(PROBLEM TO WORK ON)
Copy the line with "this 800×600 image." and all lines following it through the last line of the entries, exactly as written.

+++ AVAILABLE DATA

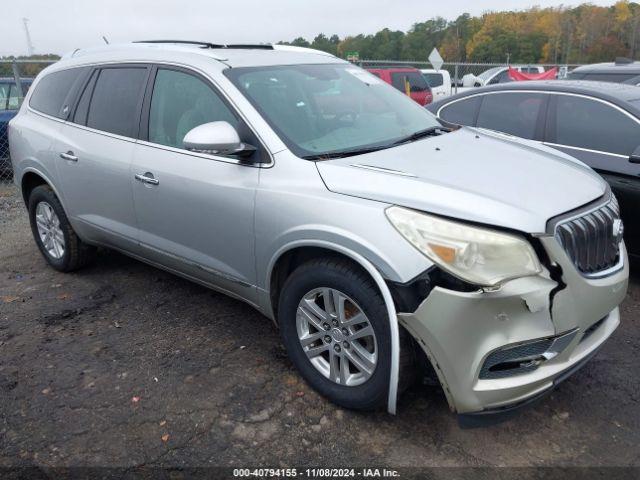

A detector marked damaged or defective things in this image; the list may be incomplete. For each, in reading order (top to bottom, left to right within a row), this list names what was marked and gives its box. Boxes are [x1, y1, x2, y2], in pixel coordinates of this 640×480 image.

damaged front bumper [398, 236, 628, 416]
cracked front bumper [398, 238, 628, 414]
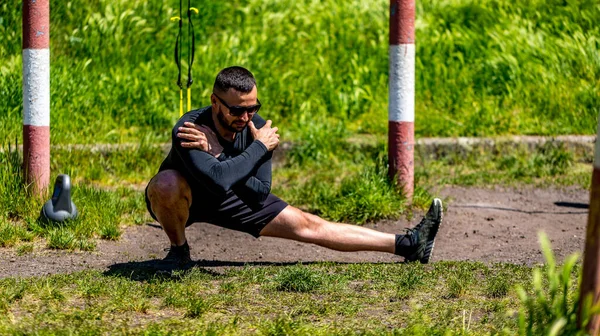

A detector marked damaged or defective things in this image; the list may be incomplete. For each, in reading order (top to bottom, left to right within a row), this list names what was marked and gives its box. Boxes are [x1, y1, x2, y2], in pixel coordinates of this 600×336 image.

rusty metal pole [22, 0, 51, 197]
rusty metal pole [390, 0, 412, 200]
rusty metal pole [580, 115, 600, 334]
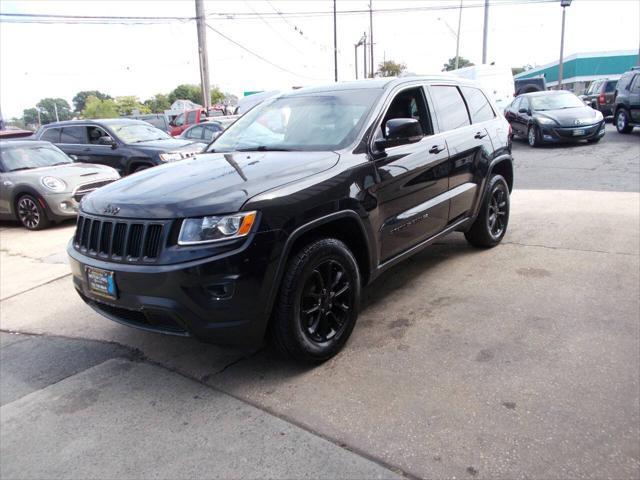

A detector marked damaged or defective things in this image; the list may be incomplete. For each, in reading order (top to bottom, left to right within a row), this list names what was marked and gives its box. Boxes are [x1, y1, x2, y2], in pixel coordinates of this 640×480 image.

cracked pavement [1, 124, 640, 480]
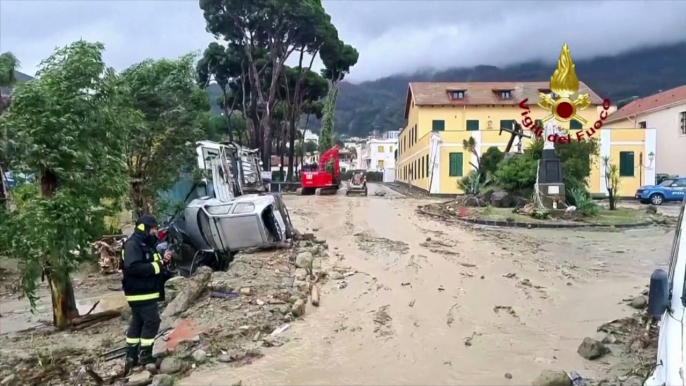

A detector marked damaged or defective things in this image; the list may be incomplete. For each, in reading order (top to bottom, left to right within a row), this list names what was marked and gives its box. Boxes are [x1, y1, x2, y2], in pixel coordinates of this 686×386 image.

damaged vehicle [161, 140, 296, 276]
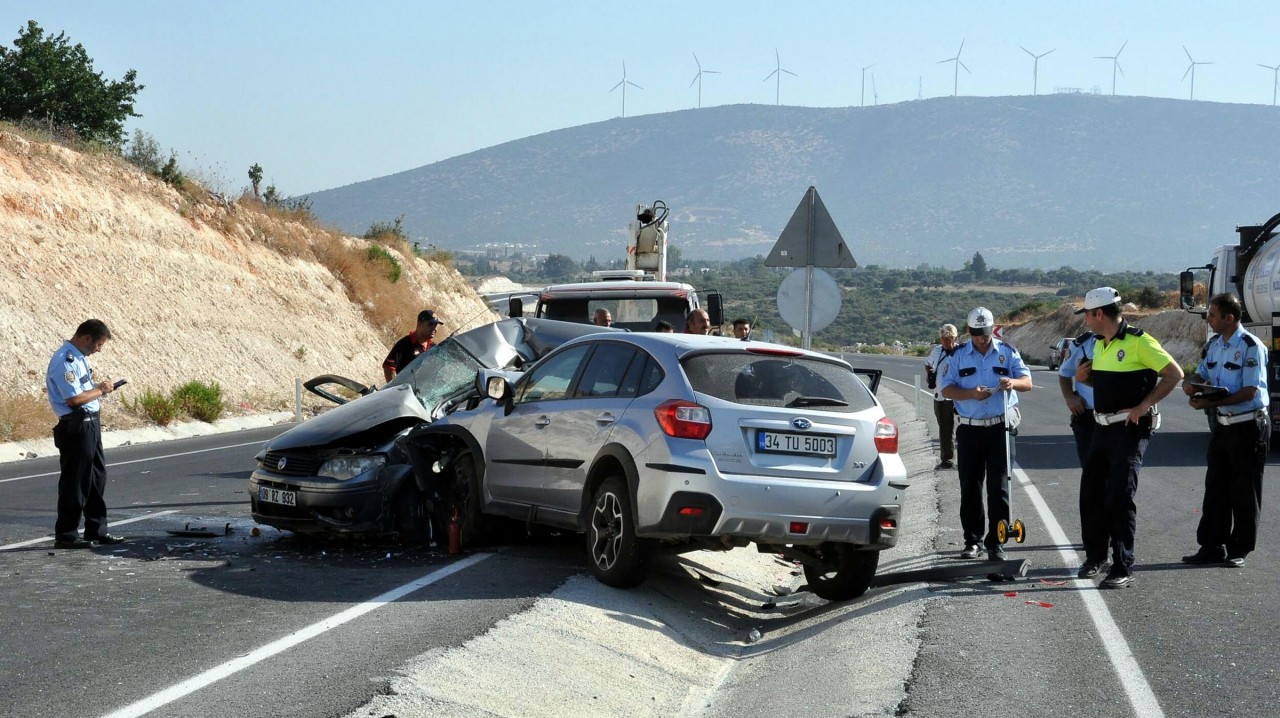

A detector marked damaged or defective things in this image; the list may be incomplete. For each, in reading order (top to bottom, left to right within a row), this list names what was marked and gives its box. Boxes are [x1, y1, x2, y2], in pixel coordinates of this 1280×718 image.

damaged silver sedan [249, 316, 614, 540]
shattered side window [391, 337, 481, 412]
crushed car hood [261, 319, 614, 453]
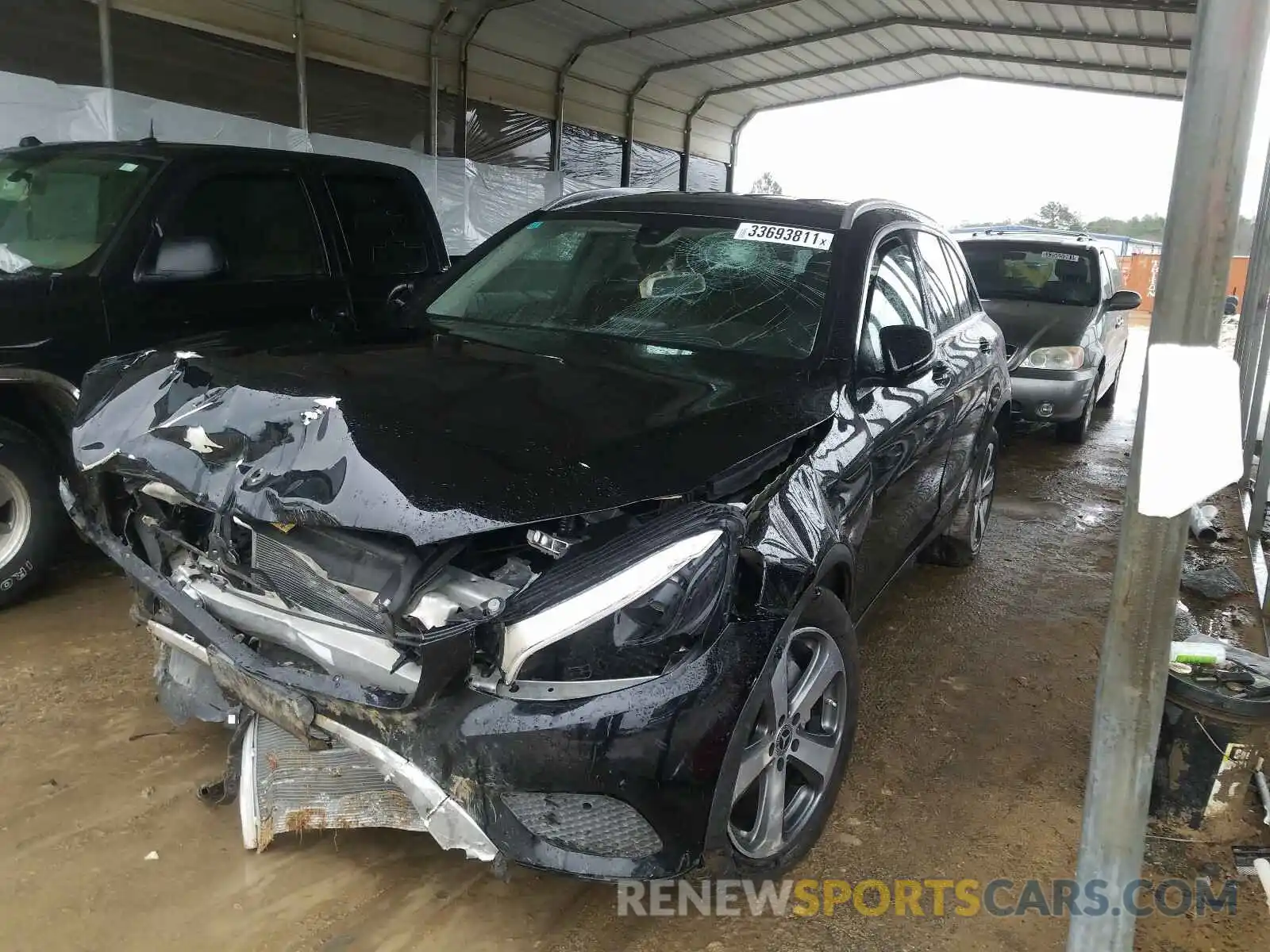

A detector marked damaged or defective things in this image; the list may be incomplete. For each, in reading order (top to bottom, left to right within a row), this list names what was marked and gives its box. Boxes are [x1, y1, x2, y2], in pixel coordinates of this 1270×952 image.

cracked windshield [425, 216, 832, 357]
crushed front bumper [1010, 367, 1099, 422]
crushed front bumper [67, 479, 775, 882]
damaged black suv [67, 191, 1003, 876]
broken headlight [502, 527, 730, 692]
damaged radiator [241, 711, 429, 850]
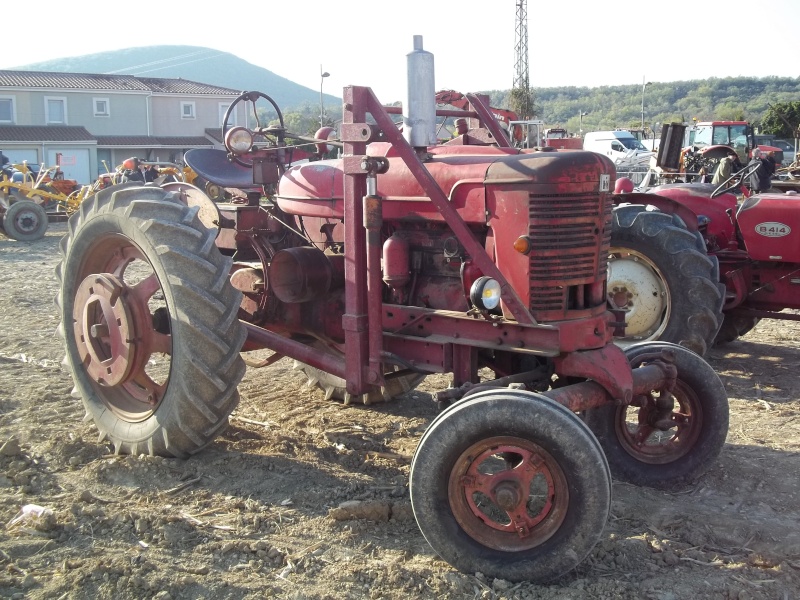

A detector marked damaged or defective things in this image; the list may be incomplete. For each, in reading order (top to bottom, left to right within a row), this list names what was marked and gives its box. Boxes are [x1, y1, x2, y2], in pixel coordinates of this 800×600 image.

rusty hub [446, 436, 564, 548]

++++++

(WRITTEN ANSWER)
A detector marked damaged or defective things in this image; the list may be incomplete. For each, in reading order (top to bottom, left to right within a row), this list names what was marked and gives its box. Boxes are [x1, y1, x2, y2], in pixel coordinates of this 800×600 image.

rusty hub [446, 436, 564, 548]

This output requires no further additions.